Zeiterfassung und Überstundenvergütung

Auch nach der Entscheidung des BAG vom 04.05.2022 (5 AZR – 359/21) hatte der Arbeitnehmer in den sogenannten Überstundenvergütungsprozessen die Darlegungs- und Beweislast. Er hatte dementsprechend vorzutragen und auch zu beweisen, dass er Arbeit in einem die geschuldete Arbeitszeit übersteigenden Maß erbrachte oder sich auf Weisung des Arbeitgebers hierzu bereitgehalten hat. Im zweiten Schritt musste der Arbeitnehmer im Rahmen einer Klage auf Vergütung von Überstunden vortragen, dass sein Arbeitgeber die geleisteten Überstunden ausdrücklich oder konkludent angeordnet, geduldet oder nachträglich gebilligt hat.

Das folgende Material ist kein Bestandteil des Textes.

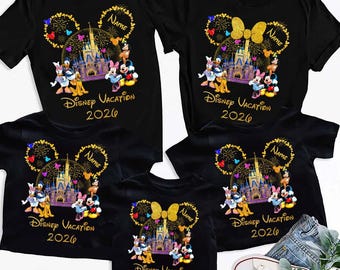 Benutzerdefinierte Disney Urlaub 2026 Sweatshirts, Familien Urlaub 2026 Shirt, Disneyland Shirt, Disneyworld Shirt, 2026 Disney Gruppe Shirt, 2026 Geschenk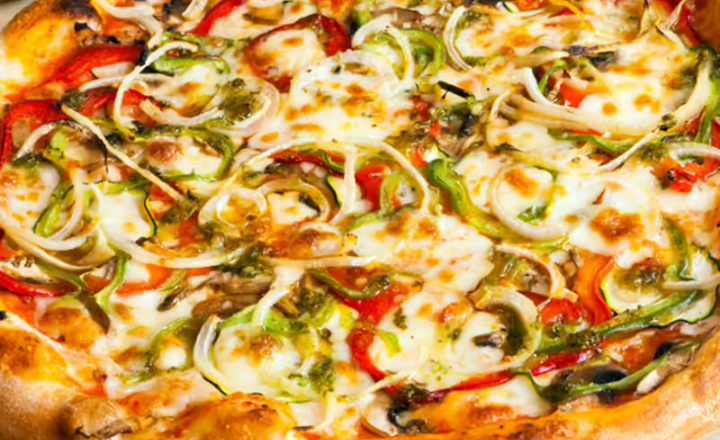 10 mouthwatering cheesy Pizza Recipe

Der BAG meinte damals, dass sich aus dem Grundsatzurteil des EuGH (Urteil vom 14.05.2019 – Az. C-55/18, CCOO) zur Arbeitszeitrichtlinie keine Umkehr der bisher herausgebildeten Verteilung der Darlegungs- und Beweislast ergibt. Diese Entscheidung sorgt für Aufatmen bei den Arbeitgebern. Allerdings könnte dieses Aufatmen nur kurzfristig anhalten.

Mit Entscheidung vom 13. September (Az. 1 ABR 22/21) meint das BAG nunmehr, dass Arbeitgeber verpflichtet sind, ein System einzuführen, mit dem die Arbeitszeit der Arbeitnehmer erfasst werden kann. Das BAG legt § 3 Abs. 2 S. 1 ArbSchG unionsrechtskonform aus und erkennt eine bereits jetzt bestehende Verpflichtung des Arbeitgebers die gesamte Arbeitszeit seiner Arbeitnehmer zu erfassen.

Dies kann durchaus in zukünftigen Überstundenvergütungsprozessen eine Rolle spielen. Bereits in seiner Entscheidung aus dem Mai 2022 meinte das BAG, dass tatsächlich bestehende Zeiterfassungssysteme die Darlegung der Überstunden für Arbeitnehmer erleichtern können. Besteht nunmehr eine Verpflichtung, die Arbeitszeit zu erfassen, sollte zumindest zukünftig der bisherige Streit um den Umfang der Überstunden der Vergangenheit angehören. Es bleibt abzuwarten, wie die ersten Arbeitsgerichte entscheiden.
Die Darlegungslast zu Anordnung, Duldung bzw. Billigung der geleisteten Überstunden wird von der nunmehrigen Entscheidung des BAG nicht berührt.